Let us assume that M is linearly dependent [18] on ρ_Om as \(M = D\frac {m_{\text {Om}}}{k_{\text {B}}}\rho _{\text {Om}}\). Eventually, the free charge and the diffusion flux of mobile oxide ions are given as

$$ \begin{array}{@{}rcl@{}} n^{\text{F}} &=& e_{0} n_{\text{C}}^{\#} (z^{\#} + z_{\text{O}} (1-\nu^{\#})m \ y) , \end{array} $$

(2.36a)

$$ \begin{array}{@{}rcl@{}} J_{\text{Om}}&=& -m_{\text{Om}} D \tfrac{(1- \nu^{\#})m}{V^{\#}} \left( 1 +m_{\text{Om}} \tfrac{(1- \nu^{\#})m}{m^{\#}} y\right) \left( \frac{\partial_{z} y}{1 - y} + y\tfrac{e_{0} z_{\text{Om}}}{k_{\text{B}} T}\partial_{z}\varphi\right) ,\\ \end{array} $$

(2.36b)

where (2.35c) was used in place of the pressure gradient term. The final form of the diffusion flux of the mobile oxide ion is proportional to the gradient of the electrochemcal potential.

The parameter x^# has usually values in the range of [0,0.2] and we have \(\nu ^{\#} \in [0, \frac {1}{m}\frac {2+x^{{\#}}}{1+x^{{\#}}}]\). The remaining parameters of the YSZ model are given in Table 1.

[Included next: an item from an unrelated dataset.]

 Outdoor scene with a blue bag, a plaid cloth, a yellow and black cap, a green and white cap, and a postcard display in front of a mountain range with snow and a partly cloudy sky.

Table 1 Characteristic values. Per-particle masses m_α are used in the calculations

Bulk metal and gas phase

In order to act as an electrolyte in a SOEC, the YSZ has to be connected to two different materials: a gas phase and some electric conductor. In this paper, we do no consider the internal structure of these parts of the SOEC. Therefore, we assume the gas to be equilibrated such that boundary conditions at the gas-YSZ surface can be determined easily. Although not appropriate for the use in real SOEC, we will treat the conductor as a pure metal, since this way the conductor can be almost completely removed from the model.

Bulk gas

The gas in the bulk is assumed to behave as an ideal mixture of ideal gases. We introduce the index set \(\mathcal {I}_{\text {gas}}\) of the constituents of the gas phase. For each constituent, the partial pressure is p_α = c_αRT. The chemical potential of a gaseous species reads

$$ \begin{array}{@{}rcl@{}} \mu_{\alpha} (p_{\alpha}, T) = \mu_{\alpha}^{\text{ref}}(T) + \frac{k_{\text{B}} T}{m_{\alpha}} \ln\left( \frac{p_{\alpha}}{p^{\text{ref}}} \right) \qquad \text{ for\ } \alpha \in \mathcal{I}_{\text{gas}}, \end{array} $$

(3.1)

where the reference pressure is given by the standard atmospheric pressure p^ref = 100 kPa and \(\mu _{\alpha }^{\text {ref}}\) is the chemical potential of the pure substance.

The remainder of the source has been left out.